What to work on
Repeat each entry verbatim.

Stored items
═══

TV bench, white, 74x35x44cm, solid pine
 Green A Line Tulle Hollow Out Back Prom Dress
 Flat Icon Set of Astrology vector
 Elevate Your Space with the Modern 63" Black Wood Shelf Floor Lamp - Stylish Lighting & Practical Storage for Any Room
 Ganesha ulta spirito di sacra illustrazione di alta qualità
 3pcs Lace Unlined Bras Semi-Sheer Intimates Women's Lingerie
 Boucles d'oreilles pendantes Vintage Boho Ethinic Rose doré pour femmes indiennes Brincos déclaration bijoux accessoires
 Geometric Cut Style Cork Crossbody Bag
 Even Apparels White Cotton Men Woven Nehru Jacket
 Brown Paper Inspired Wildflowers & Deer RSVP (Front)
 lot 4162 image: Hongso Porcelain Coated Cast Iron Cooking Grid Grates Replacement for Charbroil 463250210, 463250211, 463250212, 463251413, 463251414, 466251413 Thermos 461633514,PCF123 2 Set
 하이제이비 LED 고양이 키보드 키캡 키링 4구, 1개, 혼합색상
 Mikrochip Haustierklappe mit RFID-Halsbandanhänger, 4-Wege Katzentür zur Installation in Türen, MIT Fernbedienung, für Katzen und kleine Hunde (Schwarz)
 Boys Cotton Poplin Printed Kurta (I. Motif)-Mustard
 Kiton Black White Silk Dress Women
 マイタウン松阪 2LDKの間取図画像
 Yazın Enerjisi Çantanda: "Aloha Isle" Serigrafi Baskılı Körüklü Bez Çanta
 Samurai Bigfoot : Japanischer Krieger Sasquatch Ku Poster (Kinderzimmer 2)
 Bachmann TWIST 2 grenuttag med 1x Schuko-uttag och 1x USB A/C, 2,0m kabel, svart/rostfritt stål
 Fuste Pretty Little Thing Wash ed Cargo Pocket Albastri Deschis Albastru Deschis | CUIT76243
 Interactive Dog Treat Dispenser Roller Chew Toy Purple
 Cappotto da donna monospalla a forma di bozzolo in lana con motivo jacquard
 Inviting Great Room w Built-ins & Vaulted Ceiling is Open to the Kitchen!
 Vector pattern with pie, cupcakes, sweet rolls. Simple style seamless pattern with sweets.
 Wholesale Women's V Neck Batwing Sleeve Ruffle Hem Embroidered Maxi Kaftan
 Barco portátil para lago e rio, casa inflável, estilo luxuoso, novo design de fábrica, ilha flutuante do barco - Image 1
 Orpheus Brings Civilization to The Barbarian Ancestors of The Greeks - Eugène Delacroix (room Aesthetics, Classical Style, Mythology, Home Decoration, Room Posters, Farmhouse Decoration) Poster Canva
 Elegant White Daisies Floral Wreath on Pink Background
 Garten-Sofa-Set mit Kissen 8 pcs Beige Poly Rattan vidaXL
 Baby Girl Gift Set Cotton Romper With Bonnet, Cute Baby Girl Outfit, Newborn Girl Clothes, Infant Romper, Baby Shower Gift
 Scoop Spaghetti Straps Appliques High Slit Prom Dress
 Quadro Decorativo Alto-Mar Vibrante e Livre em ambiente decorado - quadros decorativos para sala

═══

Response to the exercise
TV bench, white, 74x35x44cm, solid pine
 Green A Line Tulle Hollow Out Back Prom Dress
 Flat Icon Set of Astrology vector
 Elevate Your Space with the Modern 63" Black Wood Shelf Floor Lamp - Stylish Lighting & Practical Storage for Any Room
 Ganesha ulta spirito di sacra illustrazione di alta qualità
 3pcs Lace Unlined Bras Semi-Sheer Intimates Women's Lingerie
 Boucles d'oreilles pendantes Vintage Boho Ethinic Rose doré pour femmes indiennes Brincos déclaration bijoux accessoires
 Geometric Cut Style Cork Crossbody Bag
 Even Apparels White Cotton Men Woven Nehru Jacket
 Brown Paper Inspired Wildflowers & Deer RSVP (Front)
 lot 4162 image: Hongso Porcelain Coated Cast Iron Cooking Grid Grates Replacement for Charbroil 463250210, 463250211, 463250212, 463251413, 463251414, 466251413 Thermos 461633514,PCF123 2 Set
 하이제이비 LED 고양이 키보드 키캡 키링 4구, 1개, 혼합색상
 Mikrochip Haustierklappe mit RFID-Halsbandanhänger, 4-Wege Katzentür zur Installation in Türen, MIT Fernbedienung, für Katzen und kleine Hunde (Schwarz)
 Boys Cotton Poplin Printed Kurta (I. Motif)-Mustard
 Kiton Black White Silk Dress Women
 マイタウン松阪 2LDKの間取図画像
 Yazın Enerjisi Çantanda: "Aloha Isle" Serigrafi Baskılı Körüklü Bez Çanta
 Samurai Bigfoot : Japanischer Krieger Sasquatch Ku Poster (Kinderzimmer 2)
 Bachmann TWIST 2 grenuttag med 1x Schuko-uttag och 1x USB A/C, 2,0m kabel, svart/rostfritt stål
 Fuste Pretty Little Thing Wash ed Cargo Pocket Albastri Deschis Albastru Deschis | CUIT76243
 Interactive Dog Treat Dispenser Roller Chew Toy Purple
 Cappotto da donna monospalla a forma di bozzolo in lana con motivo jacquard
 Inviting Great Room w Built-ins & Vaulted Ceiling is Open to the Kitchen!
 Vector pattern with pie, cupcakes, sweet rolls. Simple style seamless pattern with sweets.
 Wholesale Women's V Neck Batwing Sleeve Ruffle Hem Embroidered Maxi Kaftan
 Barco portátil para lago e rio, casa inflável, estilo luxuoso, novo design de fábrica, ilha flutuante do barco - Image 1
 Orpheus Brings Civilization to The Barbarian Ancestors of The Greeks - Eugène Delacroix (room Aesthetics, Classical Style, Mythology, Home Decoration, Room Posters, Farmhouse Decoration) Poster Canva
 Elegant White Daisies Floral Wreath on Pink Background
 Garten-Sofa-Set mit Kissen 8 pcs Beige Poly Rattan vidaXL
 Baby Girl Gift Set Cotton Romper With Bonnet, Cute Baby Girl Outfit, Newborn Girl Clothes, Infant Romper, Baby Shower Gift
 Scoop Spaghetti Straps Appliques High Slit Prom Dress
 Quadro Decorativo Alto-Mar Vibrante e Livre em ambiente decorado - quadros decorativos para sala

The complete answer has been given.